> Your goal
All that is wanted is the line with "Honda Crf Rx 250 2022" and each line after it to the end of the data below, set down exactly and without pictures.

> Data extract
*** Block opens ***

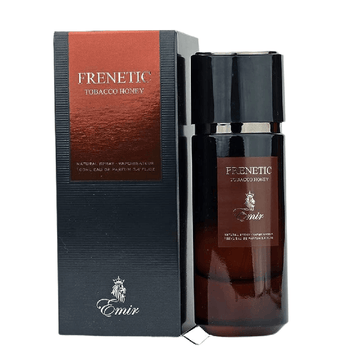 Frenetic Tobacco Honey by Emir
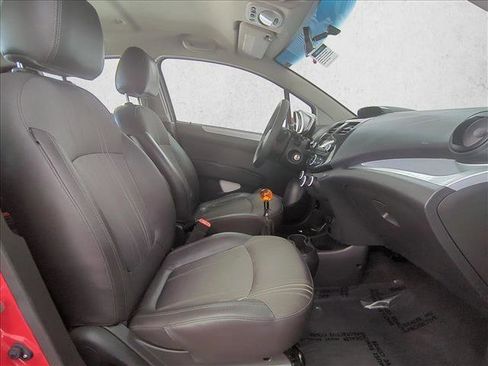 Used 2014 Chevrolet Spark LS FWD image 20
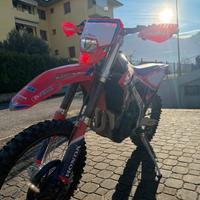 Honda Crf Rx 250 2022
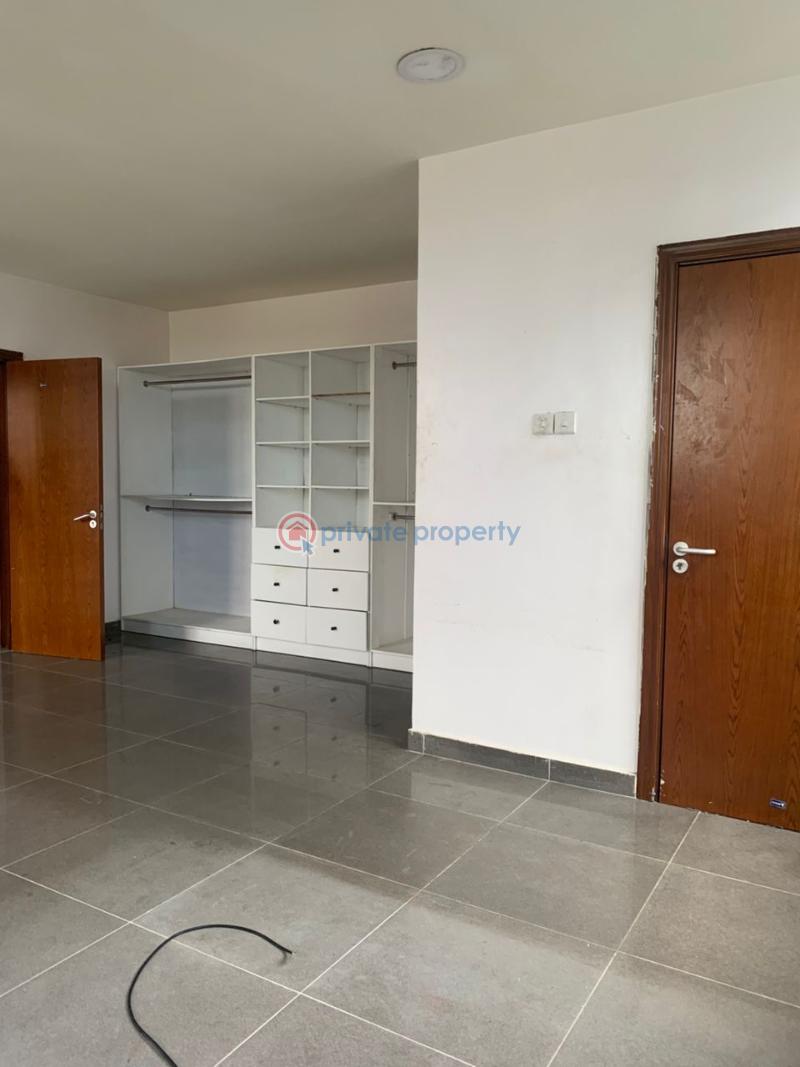 3 bedroom Block Of Flats For Rent Lekki Phase 1 Lagos - 4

*** Block closes ***

> Response below
 Honda Crf Rx 250 2022
 3 bedroom Block Of Flats For Rent Lekki Phase 1 Lagos - 4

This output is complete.